**Instructions to follow**:
Please restate, exactly as they appear, only the lines from the one that contains "MAGAZINE BE×BOY 2016-01 page 1 full" to the final line of the entries, with no pictures.
[Information provided Boundary: Start]
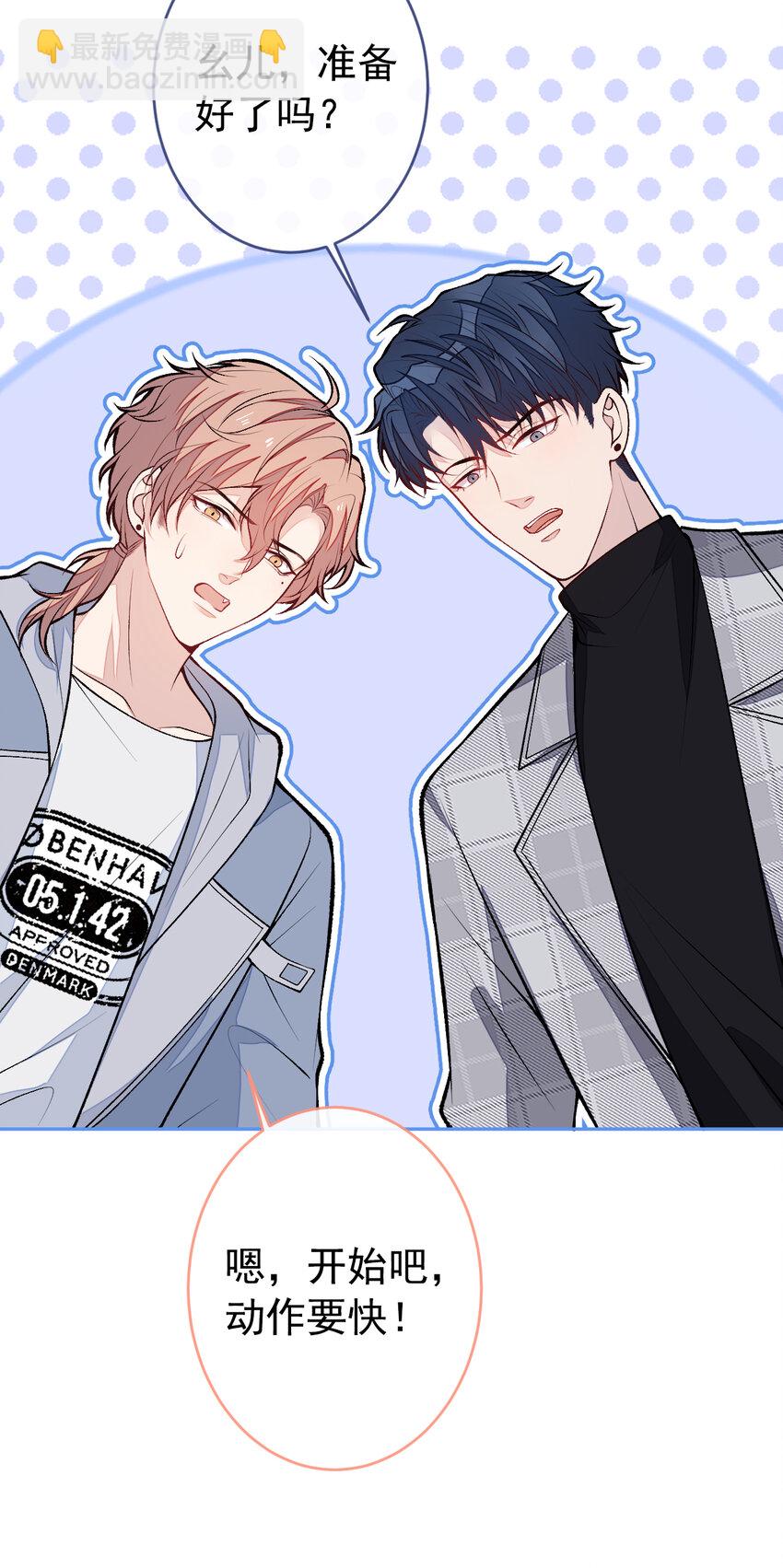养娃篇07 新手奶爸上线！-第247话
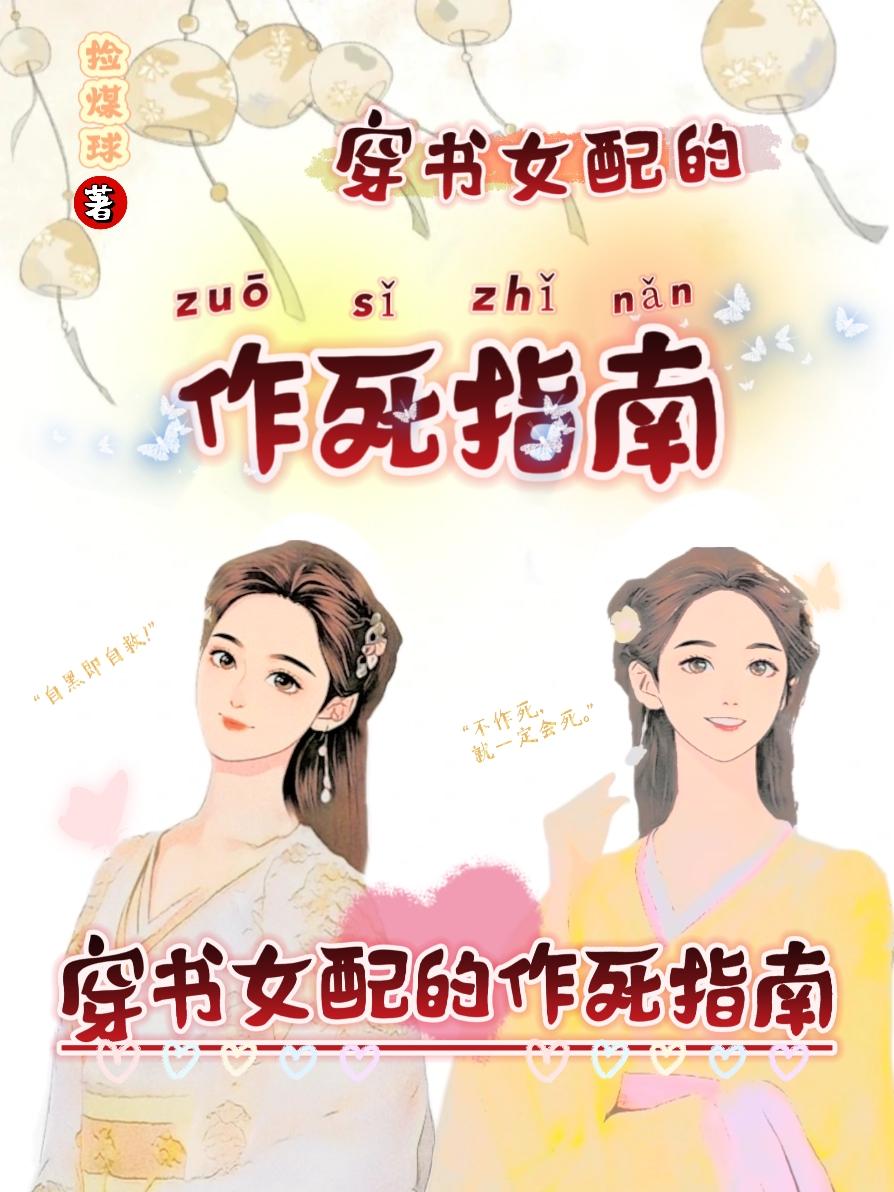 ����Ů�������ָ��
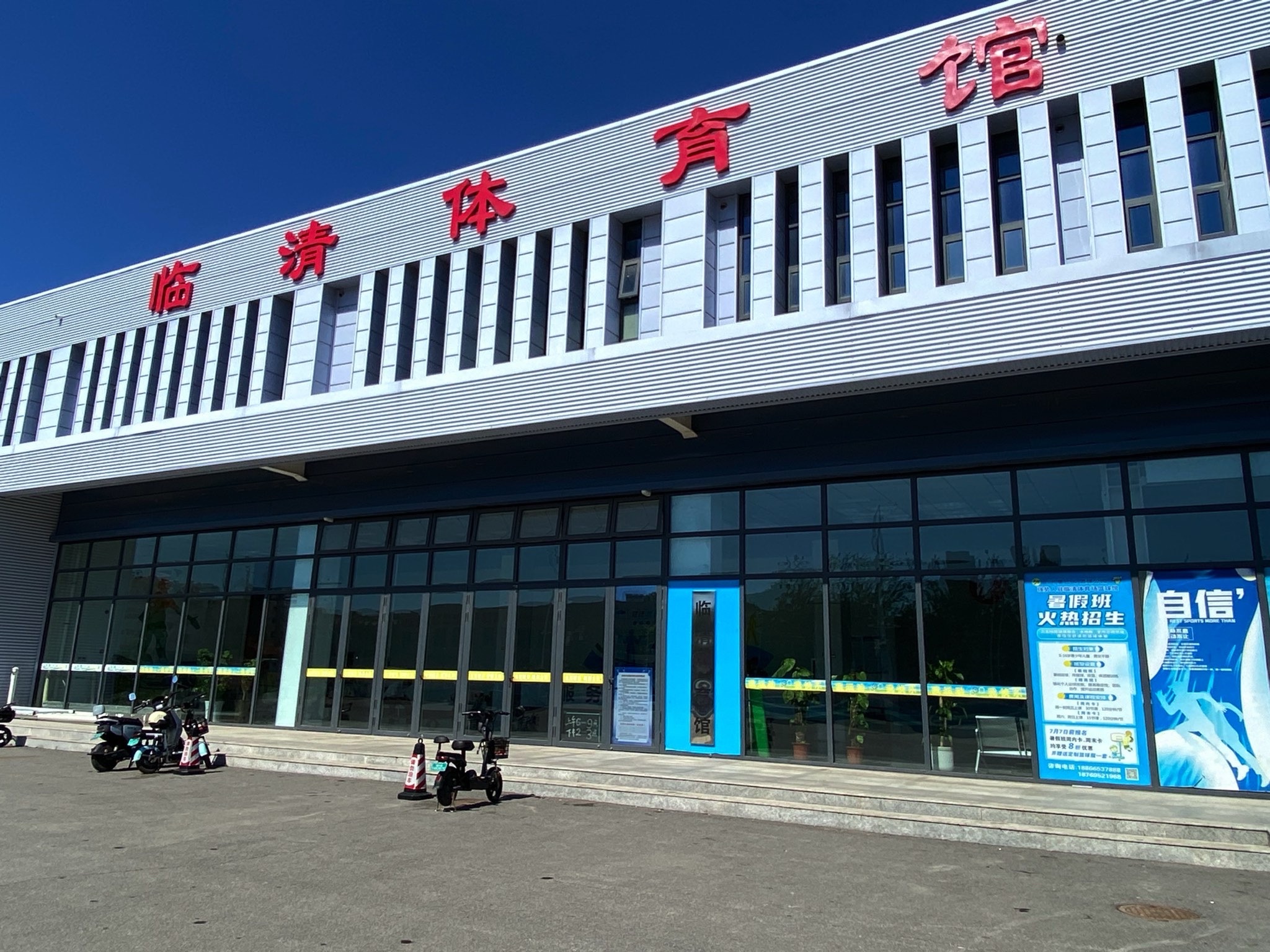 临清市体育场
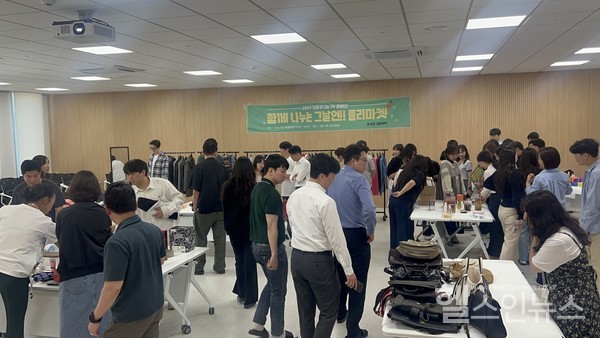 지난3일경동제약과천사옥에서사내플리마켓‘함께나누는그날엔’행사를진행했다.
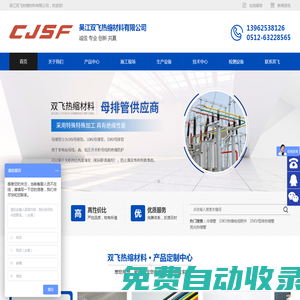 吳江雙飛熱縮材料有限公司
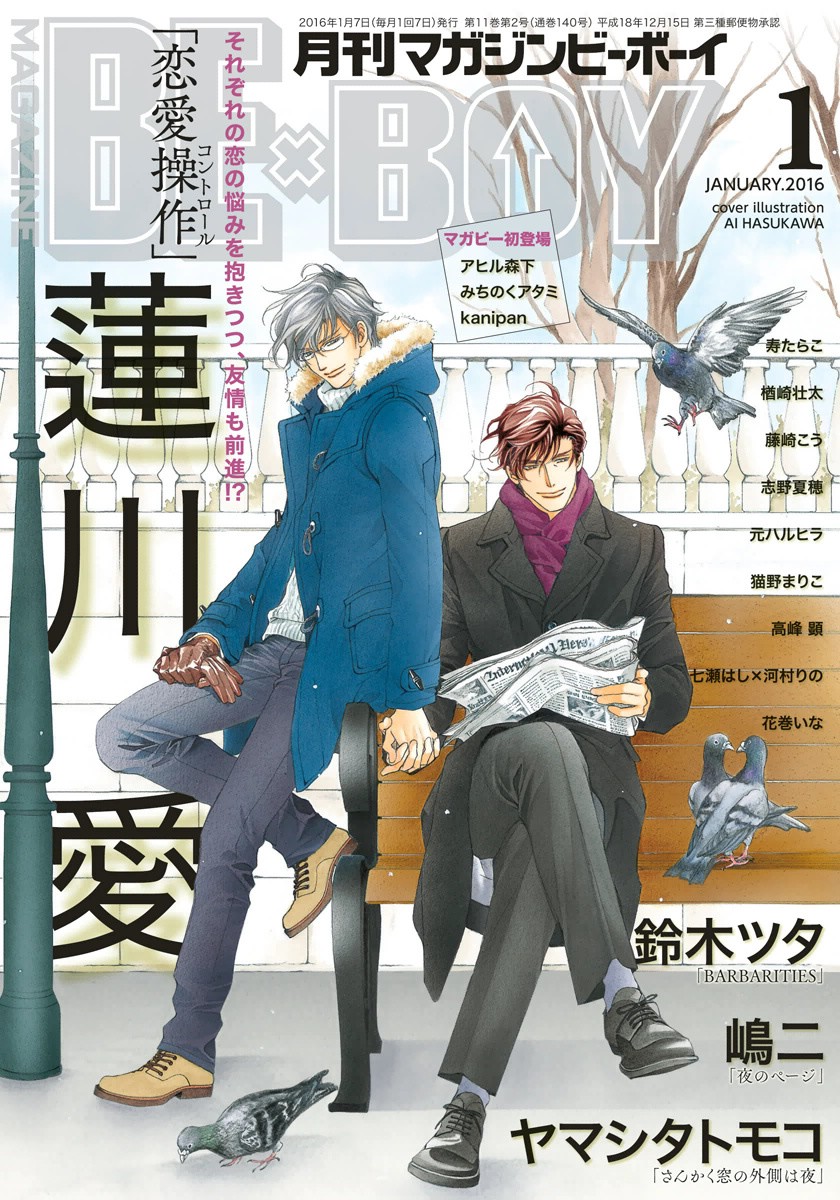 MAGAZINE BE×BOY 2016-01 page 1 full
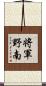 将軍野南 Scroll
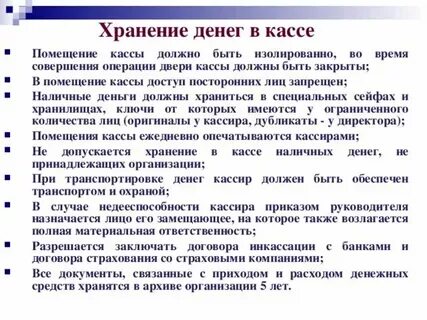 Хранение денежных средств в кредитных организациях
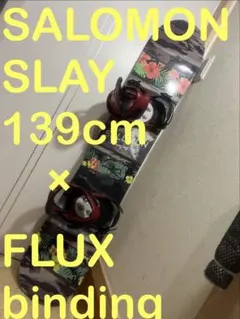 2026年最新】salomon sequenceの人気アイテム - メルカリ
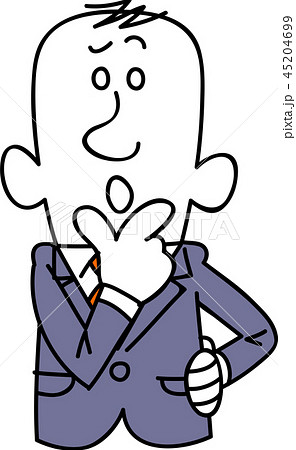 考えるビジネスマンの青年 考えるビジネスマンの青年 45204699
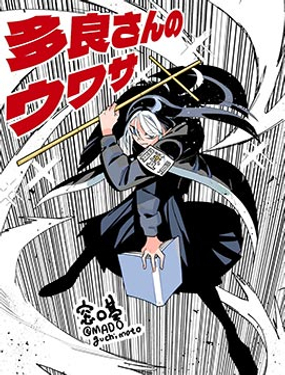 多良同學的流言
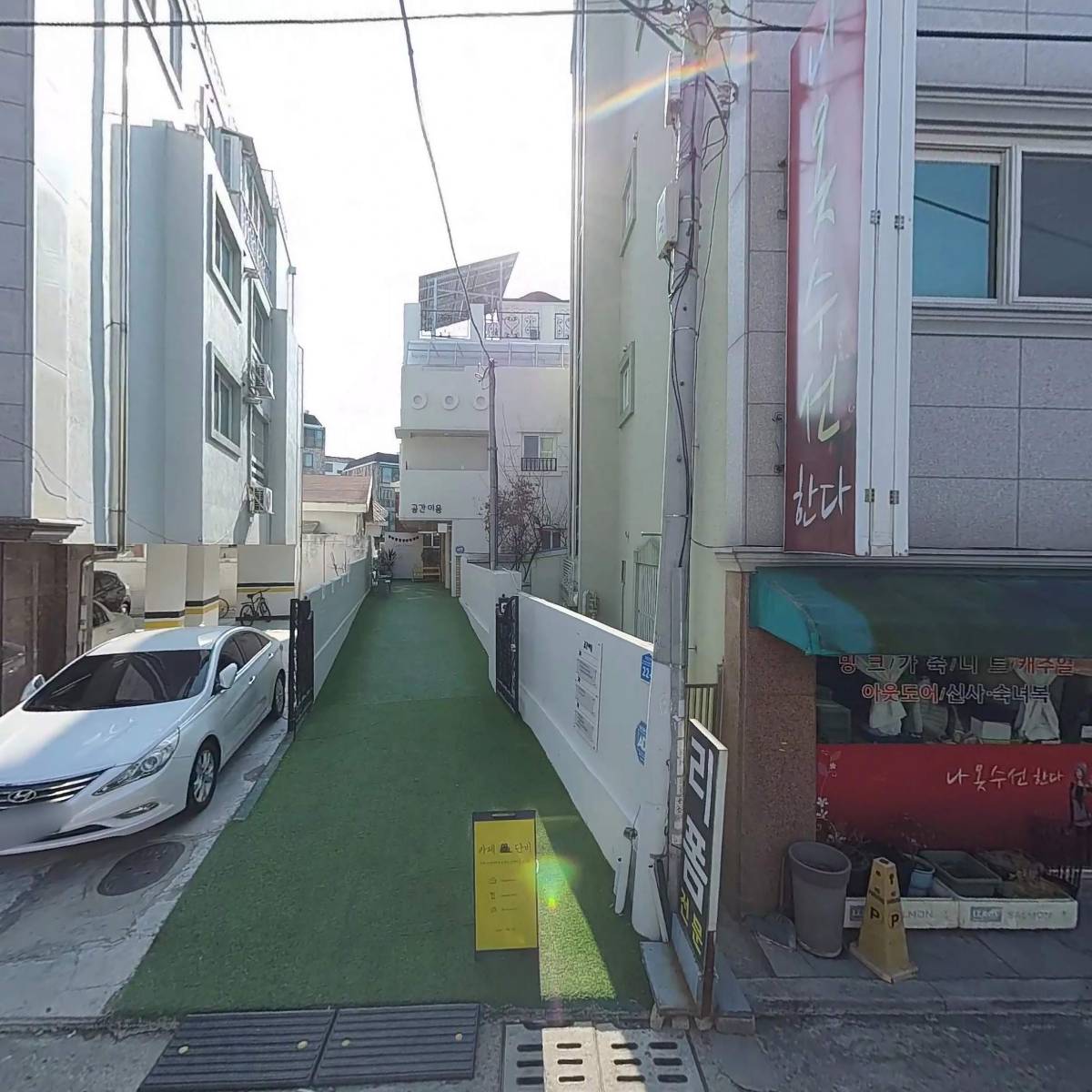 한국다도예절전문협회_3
[Information provided Boundary: End]
**Task solution**:
 MAGAZINE BE×BOY 2016-01 page 1 full
 将軍野南 Scroll
 Хранение денежных средств в кредитных организациях
 2026年最新】salomon sequenceの人気アイテム - メルカリ
 考えるビジネスマンの青年 考えるビジネスマンの青年 45204699
 多良同學的流言
 한국다도예절전문협회_3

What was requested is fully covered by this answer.